Vonnegut: No. But bad enough. All of a sudden, critics wanted me squashed like a bug. And it wasn’t just that I had money all of a sudden, either. The hidden complaint was that I was barbarous, that I wrote without having made a systematic study if great literature, that I was no gentleman, since I had done hack writing so cheerfully for vulgar magazines—-that I had not paid my academic dues.
Interviewer: You had not suffered?
Vonnegut: I had suffered, all right—-but as a badly educated person in vulgar company and in a vulgar trade. It was dishonorable enough that I perverted art for money. I then topped that felony off by becoming, as I say, fabulously well-to-do. Well, that’s just too damn bad for me and for everybody. I’m completely in print, so we’re all stuck with me and stuck with my books.
I’ve never read a Vonnegut novel. His books—-and a whole slew of books by men of his era—-didn’t exactly call to me. But I like how he is willing to say his book may be bad. Everybody else writes bad books, why should I?
Sigh.
And I like, we’re all stuck with me and we’re stuck with my books.
Ah but if the world were just stuck with me…
How would you respond to critics?
*
If I put my stories (#18!) out in the world, how will I respond to criticism? Quietly. Keep writing.

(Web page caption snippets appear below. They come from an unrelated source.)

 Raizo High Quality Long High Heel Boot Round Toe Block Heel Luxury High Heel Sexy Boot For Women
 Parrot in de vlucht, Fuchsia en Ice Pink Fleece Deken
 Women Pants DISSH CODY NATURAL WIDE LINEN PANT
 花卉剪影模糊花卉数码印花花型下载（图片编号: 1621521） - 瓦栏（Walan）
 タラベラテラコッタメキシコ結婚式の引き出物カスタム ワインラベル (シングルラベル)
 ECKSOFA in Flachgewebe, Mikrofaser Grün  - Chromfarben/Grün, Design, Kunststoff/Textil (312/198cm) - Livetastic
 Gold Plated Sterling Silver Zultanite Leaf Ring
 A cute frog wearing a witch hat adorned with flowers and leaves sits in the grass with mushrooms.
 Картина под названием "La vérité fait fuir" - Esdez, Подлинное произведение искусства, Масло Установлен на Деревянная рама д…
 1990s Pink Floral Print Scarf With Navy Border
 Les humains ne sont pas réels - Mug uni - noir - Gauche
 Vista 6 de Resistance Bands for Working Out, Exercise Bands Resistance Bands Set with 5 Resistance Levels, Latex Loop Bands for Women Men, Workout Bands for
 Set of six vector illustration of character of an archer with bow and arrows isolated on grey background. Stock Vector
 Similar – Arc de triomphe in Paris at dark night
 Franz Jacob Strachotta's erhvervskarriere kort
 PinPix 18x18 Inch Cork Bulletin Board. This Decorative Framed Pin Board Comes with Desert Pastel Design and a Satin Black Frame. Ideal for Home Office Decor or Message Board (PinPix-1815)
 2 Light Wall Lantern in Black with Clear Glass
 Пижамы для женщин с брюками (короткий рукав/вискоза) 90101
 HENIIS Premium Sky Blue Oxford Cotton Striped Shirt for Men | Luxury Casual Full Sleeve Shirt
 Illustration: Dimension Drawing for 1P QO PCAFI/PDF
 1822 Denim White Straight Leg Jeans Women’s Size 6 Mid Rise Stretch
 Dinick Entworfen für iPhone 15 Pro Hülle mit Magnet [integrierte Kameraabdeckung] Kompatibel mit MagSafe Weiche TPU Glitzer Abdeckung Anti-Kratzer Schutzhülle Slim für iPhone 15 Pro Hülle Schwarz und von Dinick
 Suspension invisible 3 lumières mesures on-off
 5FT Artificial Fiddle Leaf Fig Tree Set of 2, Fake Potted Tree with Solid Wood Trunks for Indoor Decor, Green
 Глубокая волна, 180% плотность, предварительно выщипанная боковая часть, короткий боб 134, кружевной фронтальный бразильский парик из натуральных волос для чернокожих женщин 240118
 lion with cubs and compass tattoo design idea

Yes! Quietly keep writing :). Criticism is inevitable if you want to put your words out there. And, now, with e-everything (blogs, twitter, facebook, etc. etc.) our words are permanently out there. For me it’s just about being authentic and not trying to please everyone, because you can’t :). Thanks for sharing the Vonnegut interview.
Cat
Glad you liked the interview. Thanks for stopping by. Write like critics were never invented!
Oh, I love the Vonnegut interview. Then again, I love all things Vonnegut. In the mid ’70s, just your average girl in high school, I picked up my first Vonnegut book, Slaughterhouse-Five, and fell in love with Billy Pilgrim. I’ve read all of Vonnegut’s stories since. You wouldn’t think a man of that era appeals to a young (or old) woman, but he speaks the language of all ages and both genders. You might want to read him if only for his genius wit and sarcasm.
His last book, A Man Without A Country, is a marvel. It reads like a memoir but it’s so much more. Annd he writes with staggering clarity. I’d recommend you give him a chance. As you’ve quoted him here, you must sense what a wise soul he was.
And critics? Who are they they to judge? You know if you’ve got something good. No critic can prove or disprove that.
🙂
I’m willing to give him a chance. Probably if I’d ever had a professor make me read Vonnegut, I would’ve learned I liked him. I love many male authors! But there have always been so many other books to choose from, I never got around to giving him a chance. Thanks for stopping by! I’ll give V. a chance.
Great interview. Slapstick was the first Vonnegut book I read (not Slaughterhouse-Five). I remember loving it.
All books to add to my reading list! I hadn’t heard of Slapstick before, just Slaughterhouse Five. Most of the Paris Review Interviews are worth reading.
Love that “may be a bad book” line!
When I was teaching, I once played for my classes a recording of Vonnegut reading aloud from Slaughterhouse-Five. I will never, ever forget the tone and pacing of his voice saying, Overhead he heard the cry of what might have been a melodious owl, but it wasn’t a melodious owl. It was a flying saucer from Tralfamadore. Many years later I met him — will tell that story someday — and his voice sounded even better in person.
Critics are a pain in the rear. Unavoidable (you can’t please everyone), and they do help make praise even sweeter. But that they’ve got such a damned big megaphone really rankles.
P.S. But then there are the GOOD reviews… Talk about being intimidated by a book not yet published: check out The Night Circus. Egad. I’d kill to have even one of those advance blurbs. (And the book itself sounds like great stuff!)
Oh, I came across The Night Circus a few weeks ago and felt two things (well, more than two, but two main things): One, excitement—-I want to read it. Sounds like my kind of story. Two, illness—-it’ll have a bunch of things I wish I’d written, things similar to what I have notes/other stories about, it’ll prove why I can’t get published. Sigh.
I’d like to hear the Vonnegut story.